Chinese consumer electronics giant Hisense is ramping up India ambitions with a multi-category push, launching washing machines this month and kitchen appliances next year, as it sharpens focus on offline expansion and local manufacturing of air conditioners.
The push comes as Japanese competitor Panasonic is exiting refrigerator and washing machine businesses in India, having struggled to gain market share.
“We plan to launch our washing machine within this month. It is a foray into a new category we are in. Until now, we have only been selling TVs and air conditioners,” Hisense India CEO Pankaj Rana said.
Washing machines, microwaves and more
The company plan to start with two top-load washing machine models. It is looking to launch small domestic kitchen appliances, including microwaves, next year, Rana said.
The company, which is expanding its offline retail channel to support sales of TVs and air conditioners, will also utilise the same network for washing machines and kitchen appliances.
“Kitchen appliances, we will launch next year,” he said, adding that Hisense is also evaluating refrigerators but hasn’t locked in a plan yet.
“Globally we are very strong in the refrigerator business but it is a very capital-intensive business and it requires a huge investment in factory setup.
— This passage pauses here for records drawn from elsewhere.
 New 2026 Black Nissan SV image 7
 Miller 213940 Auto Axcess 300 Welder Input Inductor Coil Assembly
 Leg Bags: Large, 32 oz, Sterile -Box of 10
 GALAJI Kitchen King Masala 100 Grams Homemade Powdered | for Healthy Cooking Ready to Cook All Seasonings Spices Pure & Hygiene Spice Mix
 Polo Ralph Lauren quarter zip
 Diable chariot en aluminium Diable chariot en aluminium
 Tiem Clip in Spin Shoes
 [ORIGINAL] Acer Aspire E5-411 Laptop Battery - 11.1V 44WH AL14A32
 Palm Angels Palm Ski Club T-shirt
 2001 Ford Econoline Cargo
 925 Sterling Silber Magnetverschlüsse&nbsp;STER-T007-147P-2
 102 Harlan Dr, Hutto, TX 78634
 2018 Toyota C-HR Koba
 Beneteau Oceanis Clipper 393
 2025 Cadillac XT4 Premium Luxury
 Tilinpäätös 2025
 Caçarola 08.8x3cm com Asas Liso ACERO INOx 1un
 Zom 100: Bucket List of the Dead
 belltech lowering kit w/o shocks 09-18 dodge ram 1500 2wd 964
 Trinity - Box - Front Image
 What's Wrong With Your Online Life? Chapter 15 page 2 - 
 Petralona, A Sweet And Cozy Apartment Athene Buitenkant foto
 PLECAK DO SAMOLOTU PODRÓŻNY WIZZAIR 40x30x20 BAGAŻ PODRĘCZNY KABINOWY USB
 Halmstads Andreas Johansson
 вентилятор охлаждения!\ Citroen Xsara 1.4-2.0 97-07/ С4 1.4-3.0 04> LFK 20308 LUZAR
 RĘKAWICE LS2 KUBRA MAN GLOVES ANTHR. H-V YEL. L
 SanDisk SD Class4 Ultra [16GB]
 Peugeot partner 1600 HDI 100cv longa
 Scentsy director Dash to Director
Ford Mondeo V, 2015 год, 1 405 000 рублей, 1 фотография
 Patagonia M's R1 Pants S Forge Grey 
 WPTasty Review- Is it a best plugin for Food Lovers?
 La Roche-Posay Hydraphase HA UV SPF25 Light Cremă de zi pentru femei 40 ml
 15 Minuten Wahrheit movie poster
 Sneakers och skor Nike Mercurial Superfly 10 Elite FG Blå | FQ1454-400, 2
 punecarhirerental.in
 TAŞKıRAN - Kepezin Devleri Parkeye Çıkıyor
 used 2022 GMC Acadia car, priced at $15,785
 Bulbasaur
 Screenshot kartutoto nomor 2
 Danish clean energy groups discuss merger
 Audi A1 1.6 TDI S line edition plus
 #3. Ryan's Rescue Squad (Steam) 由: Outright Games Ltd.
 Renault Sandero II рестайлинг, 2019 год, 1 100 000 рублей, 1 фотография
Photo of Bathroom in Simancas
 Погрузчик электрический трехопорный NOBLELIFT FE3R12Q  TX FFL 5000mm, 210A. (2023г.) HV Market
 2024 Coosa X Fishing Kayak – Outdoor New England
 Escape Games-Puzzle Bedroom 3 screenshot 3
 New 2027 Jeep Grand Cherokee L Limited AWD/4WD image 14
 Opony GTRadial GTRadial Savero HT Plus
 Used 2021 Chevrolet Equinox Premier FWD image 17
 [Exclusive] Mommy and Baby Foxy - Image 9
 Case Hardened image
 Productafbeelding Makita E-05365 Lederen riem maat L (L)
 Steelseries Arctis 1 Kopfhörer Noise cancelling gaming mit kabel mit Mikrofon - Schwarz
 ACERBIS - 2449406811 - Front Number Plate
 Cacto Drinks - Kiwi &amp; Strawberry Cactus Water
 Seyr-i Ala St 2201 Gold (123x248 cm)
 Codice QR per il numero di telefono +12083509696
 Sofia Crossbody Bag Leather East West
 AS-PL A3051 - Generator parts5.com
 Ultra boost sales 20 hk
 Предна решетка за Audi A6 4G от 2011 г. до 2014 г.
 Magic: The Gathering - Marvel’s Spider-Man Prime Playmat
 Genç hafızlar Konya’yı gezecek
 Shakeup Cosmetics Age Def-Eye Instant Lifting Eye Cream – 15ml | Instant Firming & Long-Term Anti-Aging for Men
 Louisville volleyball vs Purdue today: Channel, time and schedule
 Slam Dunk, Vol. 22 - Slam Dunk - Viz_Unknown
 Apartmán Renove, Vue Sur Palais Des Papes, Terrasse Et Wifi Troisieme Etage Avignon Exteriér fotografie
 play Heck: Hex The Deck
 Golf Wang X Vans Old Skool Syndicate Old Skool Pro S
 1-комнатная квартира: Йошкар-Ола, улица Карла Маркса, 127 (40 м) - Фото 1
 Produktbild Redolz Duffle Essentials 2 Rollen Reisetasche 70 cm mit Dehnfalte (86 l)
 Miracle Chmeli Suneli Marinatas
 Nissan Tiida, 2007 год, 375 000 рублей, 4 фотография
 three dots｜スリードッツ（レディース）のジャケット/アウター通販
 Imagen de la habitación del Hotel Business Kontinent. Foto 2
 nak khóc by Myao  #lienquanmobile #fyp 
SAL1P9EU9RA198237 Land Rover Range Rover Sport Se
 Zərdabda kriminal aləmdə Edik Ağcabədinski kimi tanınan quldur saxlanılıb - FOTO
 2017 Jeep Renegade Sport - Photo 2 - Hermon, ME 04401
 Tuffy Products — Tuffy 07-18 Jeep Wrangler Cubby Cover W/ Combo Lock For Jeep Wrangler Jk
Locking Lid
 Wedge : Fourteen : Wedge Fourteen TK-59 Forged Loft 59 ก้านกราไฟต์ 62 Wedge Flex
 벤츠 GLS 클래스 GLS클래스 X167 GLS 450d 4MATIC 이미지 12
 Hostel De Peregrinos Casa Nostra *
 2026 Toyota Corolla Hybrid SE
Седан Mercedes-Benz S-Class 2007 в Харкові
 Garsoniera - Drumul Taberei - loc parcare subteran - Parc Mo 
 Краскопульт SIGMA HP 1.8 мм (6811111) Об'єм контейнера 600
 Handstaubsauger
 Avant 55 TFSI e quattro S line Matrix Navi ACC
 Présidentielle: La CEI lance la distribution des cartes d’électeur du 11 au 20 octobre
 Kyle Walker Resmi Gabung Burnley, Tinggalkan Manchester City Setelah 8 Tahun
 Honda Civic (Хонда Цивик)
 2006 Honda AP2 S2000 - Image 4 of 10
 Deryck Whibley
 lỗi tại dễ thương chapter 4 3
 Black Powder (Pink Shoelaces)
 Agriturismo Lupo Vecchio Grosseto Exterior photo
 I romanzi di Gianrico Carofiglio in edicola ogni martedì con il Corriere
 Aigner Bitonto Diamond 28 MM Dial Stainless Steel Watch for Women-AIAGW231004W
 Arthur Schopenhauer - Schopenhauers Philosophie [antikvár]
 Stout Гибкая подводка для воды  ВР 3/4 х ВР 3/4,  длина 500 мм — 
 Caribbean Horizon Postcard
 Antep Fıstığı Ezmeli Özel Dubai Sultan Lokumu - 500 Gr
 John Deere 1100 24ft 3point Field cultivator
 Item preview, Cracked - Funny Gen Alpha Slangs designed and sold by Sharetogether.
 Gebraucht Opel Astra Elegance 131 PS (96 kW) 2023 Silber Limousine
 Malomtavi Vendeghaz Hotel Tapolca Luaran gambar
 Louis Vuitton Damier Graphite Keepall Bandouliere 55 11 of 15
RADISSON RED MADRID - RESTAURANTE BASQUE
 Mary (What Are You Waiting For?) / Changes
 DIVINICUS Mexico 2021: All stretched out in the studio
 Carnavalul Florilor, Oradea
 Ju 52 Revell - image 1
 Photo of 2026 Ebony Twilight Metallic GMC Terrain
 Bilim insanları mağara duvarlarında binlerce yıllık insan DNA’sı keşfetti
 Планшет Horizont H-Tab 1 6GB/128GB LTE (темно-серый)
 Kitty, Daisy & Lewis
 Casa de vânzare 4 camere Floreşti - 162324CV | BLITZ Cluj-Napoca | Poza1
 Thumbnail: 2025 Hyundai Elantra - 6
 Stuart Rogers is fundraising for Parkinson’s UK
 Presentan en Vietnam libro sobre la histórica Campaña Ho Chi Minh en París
So, at this moment, we have not finalised the plan,” Rana added.
While Panasonic is exiting the refrigerator and washing machine segments, over 10 companies, including OnePlus, Realme and Intex, have exited the TV market.
Asked if there is enough market headroom in India even as other players exit, Rana said, “There is always an opportunity in the market because if we see India, the consumption of India is growing with the middle-income group rising. We view this as an opportunity to grow.”
Beyond TV
Rana said that Hisense’s global supply chain strength and manufacturing scale enable it to remain cost-competitive, a crucial advantage in a price-sensitive market like India. “India is a price-sensitive but large market and we have the strength and efficiency to create space for ourselves,” he said.
Hisense’s TVs are contract-manufactured by Dixon and Bhagwati in South India but the company is exploring in-house manufacturing.
More than 80 percent of Hisense’s India revenue comes from TVs, with the rest from air conditioners. “Next year, we aim for a 60:40 ratio between TVs and ACs, assuming favourable conditions. Additionally, we anticipate that around 10 percent of our revenue in 2026 onwards will come from laundry and kitchen appliances combined,” Rana said.
He added that the company is targeting 40 percent growth in its TV business over the previous year, driven by large-screen sales and a growing offline presence.
“Our global positioning is strong in 100-inch+ TVs—we want to replicate that leadership in India,” he said.
Hisense is partnering with large-format retailers (LFRs) and smaller distributors for offline expansion.
“Our expansion started in the East, then moved to the South —dominated by LFRs — where we’re partnering with 4–5 major chains in H2. West and North India are distribution-focused markets, and we’re actively building teams and branches there,” Rana said.
Between Hisense and Toshiba brands, the company sells over 50 models in India and follows a “different model, different channel (DMDC)” strategy.
“Premiumisation and the adoption of large screens are central to our strategy. We are seeing promising traction in both brands,” Rana said.
Hisense is also investing Rs 250 crore in the first phase of a new facility for ACs and washing machines in Andhra Pradesh’s Sri City in partnership with Epack Durables.
“The factory should be operational by November or December. Next year, our full lineup of in-house developed ACs will be manufactured there, including global models tailored for the Indian market,” Rana said.
The AC factory would initially cater only to the Indian market. Once it stabilizes, the firm may explore export opportunities. “Phase one of the factory has a capacity of 0.5 million units, expandable to 1 million,” Rana said.
In 2024, Hisense announced it would acquire a 15–26 percent stake in Epack’s special purpose vehicle, Epack Manufacturing Technologies, which will operate the factory. Rana declined to comment on the deal.
Hisense is also expanding its India headquarters in Noida and hiring across critical functions, including marketing, GTM, service infrastructure, HR, and finance, to support its long-term, multi-category ambitions.